Update: I have only tried on one of my compile boxes. I am using SuSE 10.
Upvotes: 3
Views: 680
Reputation:
When compiled with gcc and g++ the only difference I see is within the first 4 lines.
gcc:
.file "loops.c"
.def ___main; .scl 2; .type 32; .endef
.text
.globl _main
g++:
.file "loops.c"
.def ___main; .scl 2; .type 32; .endef
.text
.align 2
.globl _main
as you can see the only difference is that with g++, the alignment (2) occurs on a word boundary. This tiny difference seems to be making the significant performance difference.
Here is a page explaining structure alignment, although it is for ARM/NetWinder it is still applicable as it discusses how alignment works on modern CPUs. You will want to read section 7 specifically "What are the disadvantages of word alignment?" :
http://netwinder.osuosl.org/users/b/brianbr/public_html/alignment.html
and here is a reference on the .align operation:
http://www.nersc.gov/vendor_docs/ibm/asm/align.htm
Benchmarks as requested:
gcc:
john@awesome:~$ time ./loopsC
real 0m21.212s
user 0m20.957s
sys 0m0.004s
g++:
john@awesome:~$ time ./loopsGPP
real 0m22.111s
user 0m21.817s
sys 0m0.000s
I reduced the inner-most iteration to 1200. Results aren't as widespread as I had hoped, but then again the assembly output was generated on windows, and the timings done in Linux.
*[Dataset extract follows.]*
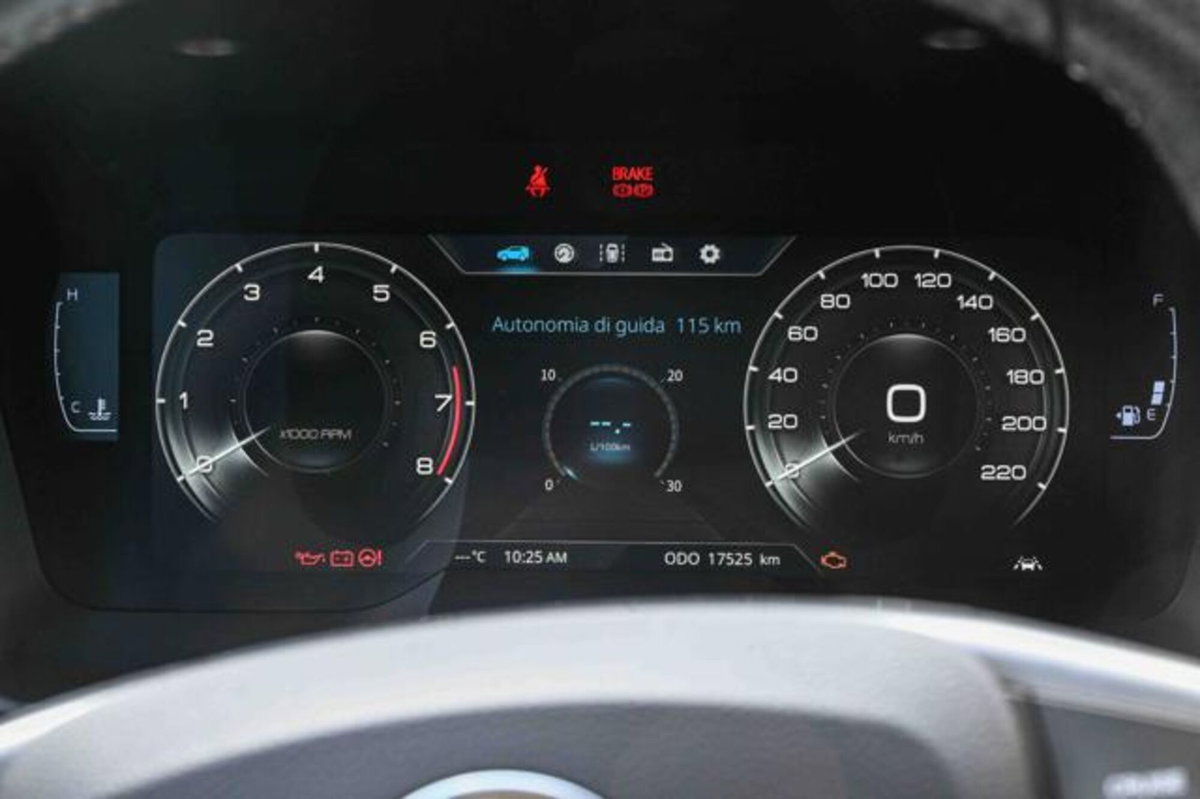 Ssangyong Korando 1.5 GDI-Turbo 2WD Dream (13)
Maybe something different is done behind the scenes in MinGW than it is with gcc for Linux alignment-wise.
Upvotes: 7
Reputation: 7505
One of the reason would be that gcc might have optimized the assignment of m and n, so that they can run in parallel.
That can done like this
m = i+j+k;
n = i+j+k+2;
I am not sure this than improve the performance by 15%. This might give bit of performance boost in multicore CPU. The best way is to compare the assembly code of 2 compilers.
Upvotes: 1
Reputation: 112356
Oh, that is a fun one. But the code you gave us doesn't compile. You need
(int argc, char** argv)
Upvotes: 0
Reputation: 28690
In order to figure out why its slower you'll probably need to take a look at the assemblies that are produced by the compiler. The g++ compiler must be doing something different from the gcc compiler.
Upvotes: 2